8. Inkoop van eigen aandelen
[Regeling vervallen per 01-01-2009 met terugwerkende kracht tot en met 12-12-2008]
De fiscale verwerking van de inkoop van aandelen bij een beleggingsinstelling is ingewikkeld.
In het bijzonder de gevolgen van de inkoop voor de berekening van de herbeleggingsreserve
en de samenstelling van het vermogen aan het einde van het desbetreffende jaar leveren
soms problemen op. De boekhoudkundige verwerking van een inkoop van aandelen bij een
beleggingsinstelling kan het beste aan de hand van een voorbeeld worden verduidelijkt.
Voorbeeld
Het vermogen van X NV (lichaam met status van beleggingsinstelling) bestaat bij het
begin van het jaar uitsluitend uit aandelenkapitaal van 100 en een herbeleggingsreserve
van 50. In het jaar ontstaat geen wijziging in het gestort kapitaal.
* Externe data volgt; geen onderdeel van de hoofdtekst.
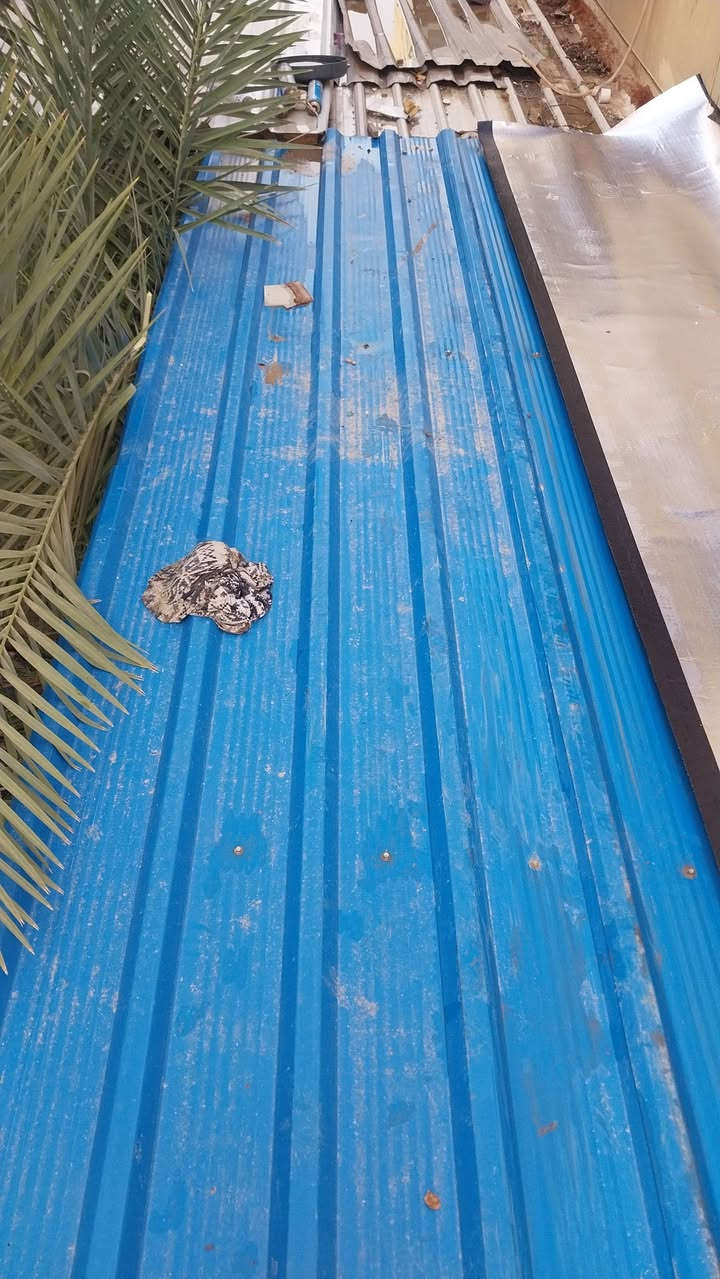 نعمل شغل سطوح 🏪
ماستك زفت ايزكام

شربت وصب البيتونه

تفليش دكت وصب

تبديل مرازيب

 

شغل  درجه اولى 🌧🌧

مع ضمان 💯💯

 ***********
علي الجشعمي
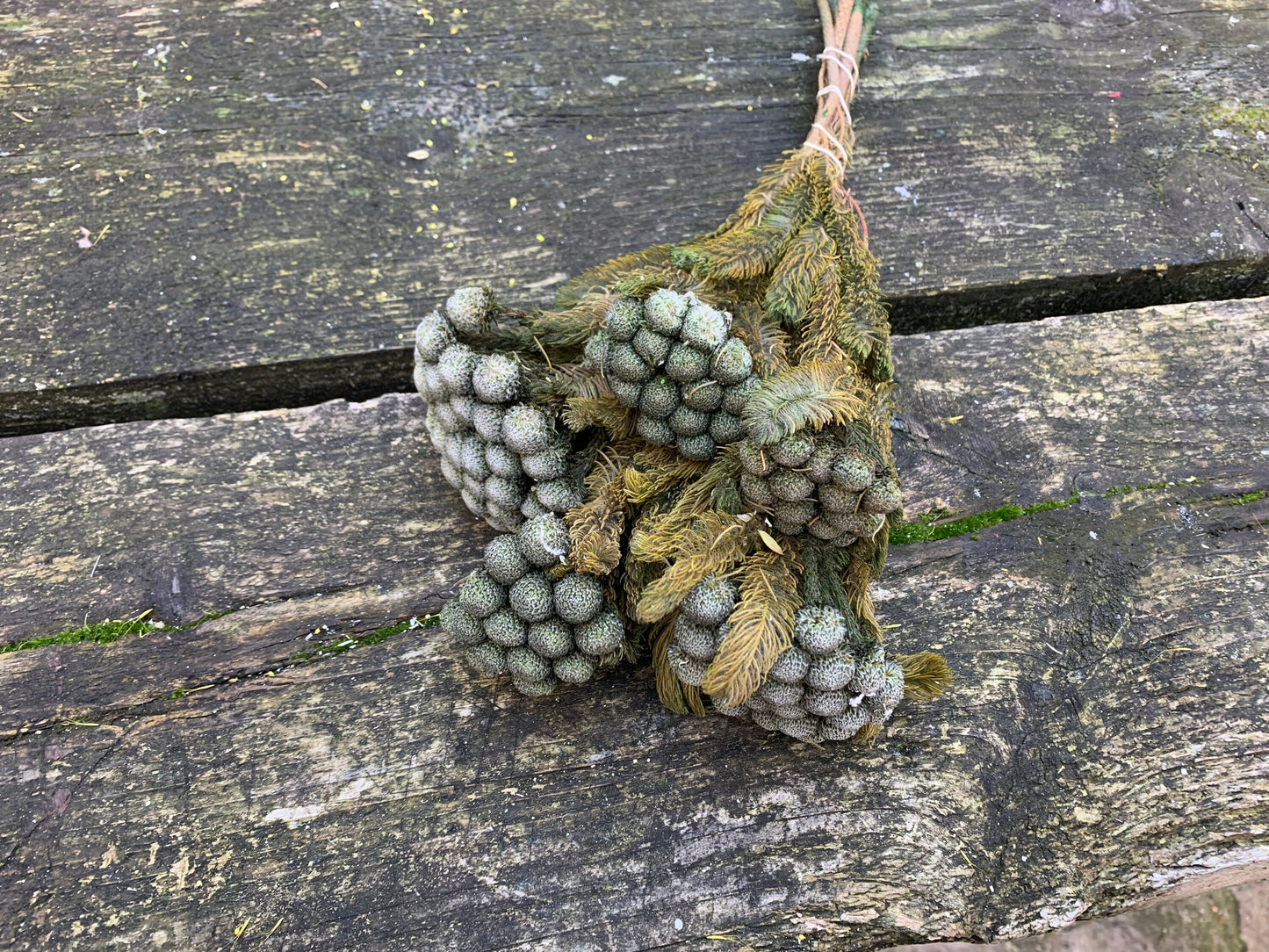 Brunia albiforma greeny natural color bunch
Tot 1 juli wordt
een direct beleggingsresultaat behaald van 20. Daarnaast realiseert X NV in het eerste
halfjaar koerswinsten van 60. Op 1 juli wordt 20% van de aandelen ingekocht voor een
bedrag van 46. X NV merkt de inkoop aan als een inkoop als bedoeld in artikel 3, eerste
lid, onderdeel a, Wet DB. De inkoop wordt gefinancierd met de directe beleggingsopbrengst
van 20 en met de verkoop van beleggingen voor 26. In het tweede halfjaar worden geen
resultaten behaald.
Uitwerking
Gezien het directe beleggingsresultaat en de koerswinsten bedraagt het vermogen direct
voorafgaande aan de inkoop per 1 juli: 230 (150+20+60). De inkoop wordt gefinancierd
door verkoop van beleggingen voor 26. In het tweede halfjaar worden verder geen resultaten
behaald. De waarde van de nog aanwezige beleggingen ultimo van het jaar bedraagt dan
184 (150+60-26). Ook het vermogen per 31 december beloopt 184.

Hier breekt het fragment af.